About this task: Find each line below containing the word "background" and copy it.

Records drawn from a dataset

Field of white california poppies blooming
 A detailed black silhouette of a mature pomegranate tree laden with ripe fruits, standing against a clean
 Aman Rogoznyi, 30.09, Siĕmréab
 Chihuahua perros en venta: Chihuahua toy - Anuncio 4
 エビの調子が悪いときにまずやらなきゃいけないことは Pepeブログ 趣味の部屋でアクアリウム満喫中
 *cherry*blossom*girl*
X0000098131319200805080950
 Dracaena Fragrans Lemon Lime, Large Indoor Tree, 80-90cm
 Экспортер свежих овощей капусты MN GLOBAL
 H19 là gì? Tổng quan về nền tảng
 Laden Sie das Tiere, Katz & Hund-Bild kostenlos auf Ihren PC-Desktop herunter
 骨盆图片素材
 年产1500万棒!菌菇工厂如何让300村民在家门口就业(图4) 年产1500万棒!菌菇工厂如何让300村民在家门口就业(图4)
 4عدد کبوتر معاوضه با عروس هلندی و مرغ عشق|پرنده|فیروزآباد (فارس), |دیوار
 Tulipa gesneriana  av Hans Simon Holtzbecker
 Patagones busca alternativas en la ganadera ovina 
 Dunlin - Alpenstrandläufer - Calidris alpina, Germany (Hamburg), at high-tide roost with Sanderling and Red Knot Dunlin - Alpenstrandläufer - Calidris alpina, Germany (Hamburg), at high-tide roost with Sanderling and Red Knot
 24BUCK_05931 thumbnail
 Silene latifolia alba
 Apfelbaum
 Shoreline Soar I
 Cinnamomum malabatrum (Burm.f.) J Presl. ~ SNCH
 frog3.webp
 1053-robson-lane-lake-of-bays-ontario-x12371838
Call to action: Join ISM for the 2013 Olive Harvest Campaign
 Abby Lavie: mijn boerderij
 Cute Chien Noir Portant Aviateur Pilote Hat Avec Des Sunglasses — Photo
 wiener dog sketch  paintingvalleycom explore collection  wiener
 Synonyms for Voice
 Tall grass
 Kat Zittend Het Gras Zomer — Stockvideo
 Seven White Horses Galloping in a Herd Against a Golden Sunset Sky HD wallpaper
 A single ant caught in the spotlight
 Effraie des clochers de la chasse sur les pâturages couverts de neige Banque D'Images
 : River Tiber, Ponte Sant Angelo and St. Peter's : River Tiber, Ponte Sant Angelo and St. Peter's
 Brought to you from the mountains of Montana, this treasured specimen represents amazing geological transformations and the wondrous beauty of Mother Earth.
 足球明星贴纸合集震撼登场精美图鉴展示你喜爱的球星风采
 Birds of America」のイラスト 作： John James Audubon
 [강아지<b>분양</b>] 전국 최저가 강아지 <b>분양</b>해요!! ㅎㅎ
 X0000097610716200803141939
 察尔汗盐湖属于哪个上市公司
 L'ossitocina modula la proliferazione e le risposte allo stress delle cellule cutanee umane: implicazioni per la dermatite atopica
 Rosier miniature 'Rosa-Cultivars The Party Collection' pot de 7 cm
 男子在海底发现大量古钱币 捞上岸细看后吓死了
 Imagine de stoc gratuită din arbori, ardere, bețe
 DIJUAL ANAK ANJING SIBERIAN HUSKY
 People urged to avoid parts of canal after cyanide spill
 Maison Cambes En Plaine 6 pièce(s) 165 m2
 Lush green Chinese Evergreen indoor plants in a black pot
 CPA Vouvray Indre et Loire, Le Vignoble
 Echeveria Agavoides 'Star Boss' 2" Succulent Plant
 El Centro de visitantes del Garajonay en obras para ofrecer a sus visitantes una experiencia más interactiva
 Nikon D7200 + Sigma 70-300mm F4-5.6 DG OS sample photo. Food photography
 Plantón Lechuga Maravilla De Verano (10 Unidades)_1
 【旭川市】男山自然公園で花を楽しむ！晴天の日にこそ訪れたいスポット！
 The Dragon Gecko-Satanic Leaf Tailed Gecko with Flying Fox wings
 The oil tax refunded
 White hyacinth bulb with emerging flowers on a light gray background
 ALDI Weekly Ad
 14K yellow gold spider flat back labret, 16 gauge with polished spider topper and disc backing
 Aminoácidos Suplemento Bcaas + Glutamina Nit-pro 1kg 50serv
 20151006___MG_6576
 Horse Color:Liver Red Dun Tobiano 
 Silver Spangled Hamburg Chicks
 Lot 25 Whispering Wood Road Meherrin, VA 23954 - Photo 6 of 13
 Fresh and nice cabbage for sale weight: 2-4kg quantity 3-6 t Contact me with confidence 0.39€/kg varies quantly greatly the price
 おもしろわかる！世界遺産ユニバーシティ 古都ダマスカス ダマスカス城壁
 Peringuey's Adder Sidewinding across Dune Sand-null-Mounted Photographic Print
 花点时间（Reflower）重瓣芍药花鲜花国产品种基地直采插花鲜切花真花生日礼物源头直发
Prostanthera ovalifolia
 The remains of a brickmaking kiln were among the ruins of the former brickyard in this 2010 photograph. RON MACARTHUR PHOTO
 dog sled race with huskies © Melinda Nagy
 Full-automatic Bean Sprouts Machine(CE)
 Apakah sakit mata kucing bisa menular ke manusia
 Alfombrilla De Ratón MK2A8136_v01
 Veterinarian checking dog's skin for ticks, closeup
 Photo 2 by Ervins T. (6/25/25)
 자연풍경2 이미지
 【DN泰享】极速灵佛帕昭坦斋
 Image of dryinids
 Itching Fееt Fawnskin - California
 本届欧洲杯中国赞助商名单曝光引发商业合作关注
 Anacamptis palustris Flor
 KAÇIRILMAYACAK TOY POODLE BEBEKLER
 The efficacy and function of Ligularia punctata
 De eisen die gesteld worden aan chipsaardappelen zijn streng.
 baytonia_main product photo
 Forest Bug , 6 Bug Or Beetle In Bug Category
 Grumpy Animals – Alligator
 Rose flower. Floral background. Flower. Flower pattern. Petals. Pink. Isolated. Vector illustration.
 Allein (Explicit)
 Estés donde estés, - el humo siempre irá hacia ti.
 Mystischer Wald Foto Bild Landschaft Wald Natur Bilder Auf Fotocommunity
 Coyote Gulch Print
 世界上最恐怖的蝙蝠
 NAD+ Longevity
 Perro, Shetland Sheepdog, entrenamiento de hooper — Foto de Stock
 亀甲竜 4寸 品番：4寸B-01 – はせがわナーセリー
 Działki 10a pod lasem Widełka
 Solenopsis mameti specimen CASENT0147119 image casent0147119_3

Output for this task:
 White hyacinth bulb with emerging flowers on a light gray background
 Rose flower. Floral background. Flower. Flower pattern. Petals. Pink. Isolated. Vector illustration.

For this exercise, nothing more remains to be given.